Если бы речь шла только о твоей талантливости, я бы так не распространялся, но бывает еще дар какого-то магического воздействия на течение вещей и ход обстоятельств. То что ты как заговоренная идешь через эти все несчастья, это чудо тоже творческое, от тебя исходящее.
Не думай, что я начинаю роман с тобой, пытаясь влюбить тебя в себя или что-ниб<удь> подобное (я без того люблю тебя) – но смотри, что ты можешь: твое письмо глядит на меня живой женщиной, у него есть глаза, его можно взять за руку, и ты еще рассуждаешь! Я верю в твою жизнь, бедная мученица моя, и, помяни мое слово, ты еще увидишь!..
Я тебе пытался доказать тут что-то, недостаточно оформив это для себя. Такие вещи никогда не удаются… Послал тебе немного денег и две-три книжки. Когда наконец выйдет однотомник Гете с 1-й частью Фауста в моем переводе и если будут оттиски, пошлю тебе. Крепко целую тебя.
Твой Б.
Эфрон – Пастернаку
31. I.50
Дорогой мой Борис, это не письмо, а только записочка, через пень колоду возникающая в окружающей меня суете и сутолоке. Я получила всё, посланное тобой, и за всё огромное тебе спасибо. Стихи твои опять, в который раз, потрясли всю душу, сломали все ее костыли и подпорки, встряхнули ее за шиворот, поставили на ноги и велели – живи! Живи во весь рост, во все глаза, во все уши, не щурься, не жмурься, не присаживайся отдохнуть, не отставай от своей судьбы!
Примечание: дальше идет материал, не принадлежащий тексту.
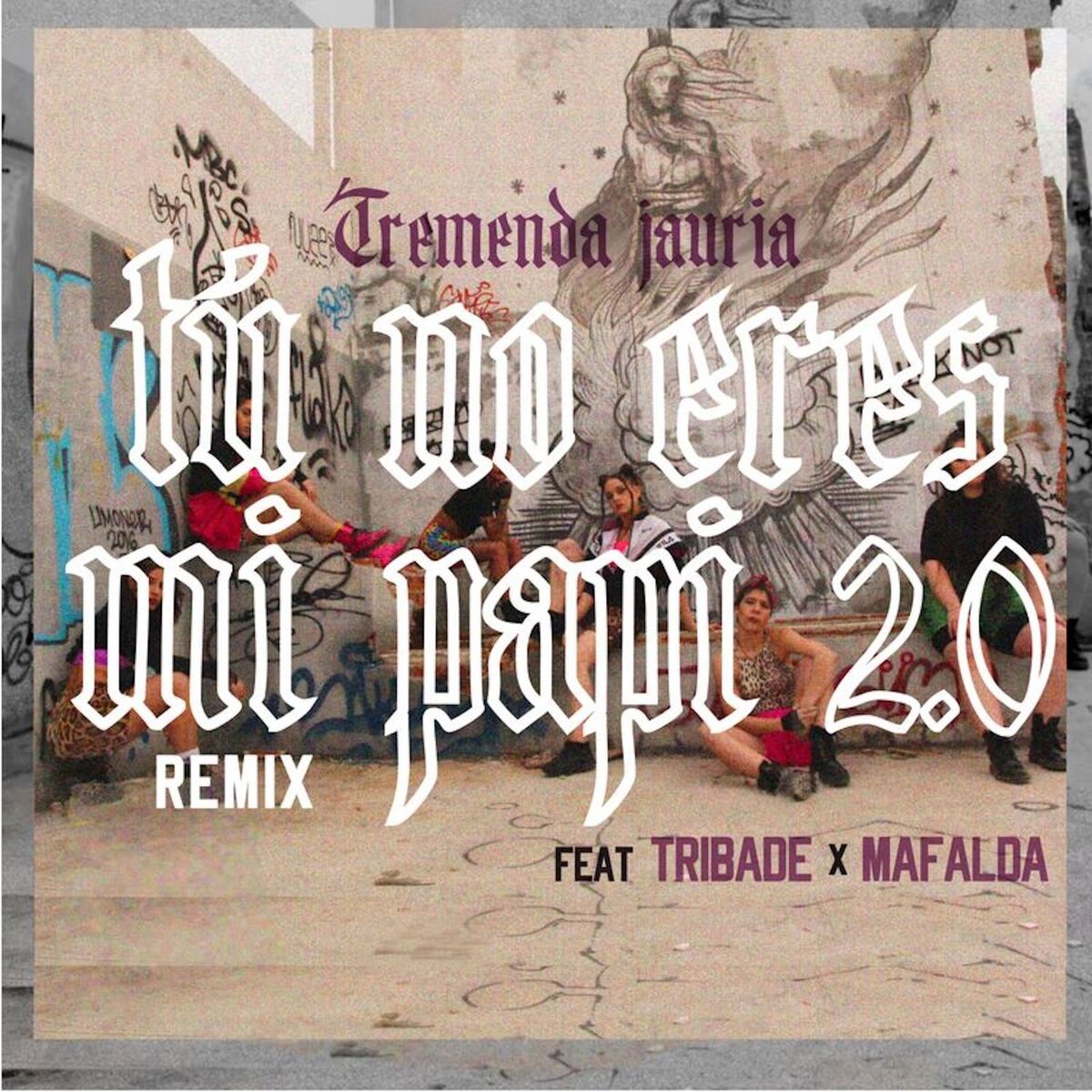 Album cover of Tu No Eres Mi Papi 2.0 (Remix)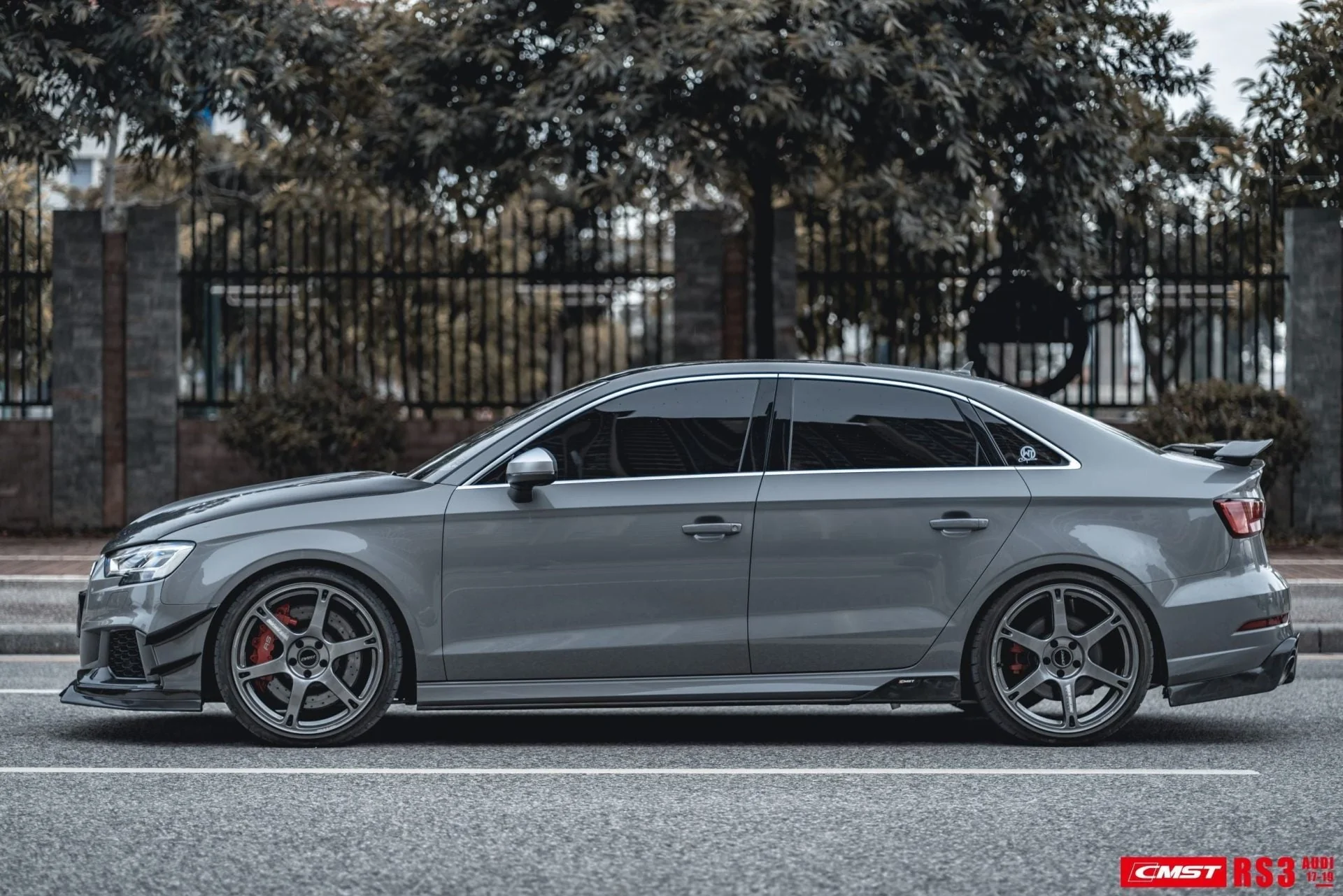 CMST Tuning Carbon Fiber Body Kit Package for Audi RS3 2018-2020 - Image 9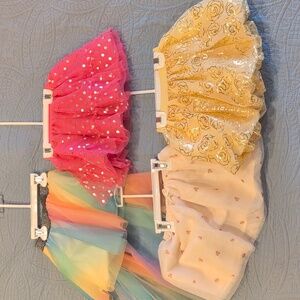 Skirt Bundle! 4 Toddler Girls Skirts. Sold together.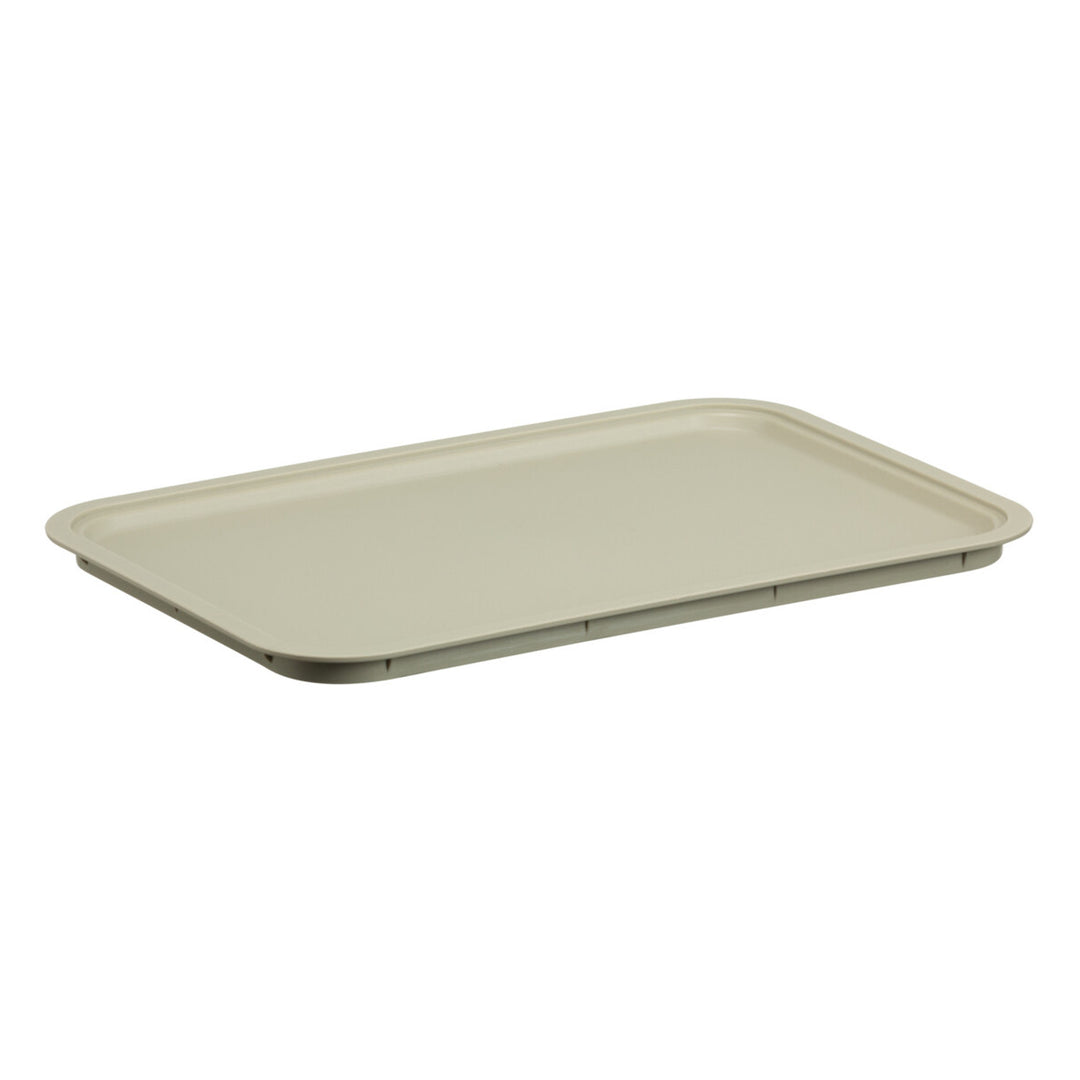 Deckel für 5L Akita Plast Team Behälter, beige, 100% recycelt, 60860802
Безумно, бесконечно, с детских лет люблю и до последнего издыхания любить буду твои стихи, со всей страстью любви первой, со всей страстью любви последней, со всеми страстями всех любовей от и до. Помимо того, что они потрясают, всегда, силой и точностью определения неописуемого и невыразимого, неосязаемого, всего того, что заставляет страдать и радоваться не только из-за и не только хлебу насущному, они являлись всегда, и всегда являться будут критерием совести поэтической и совести человеческой.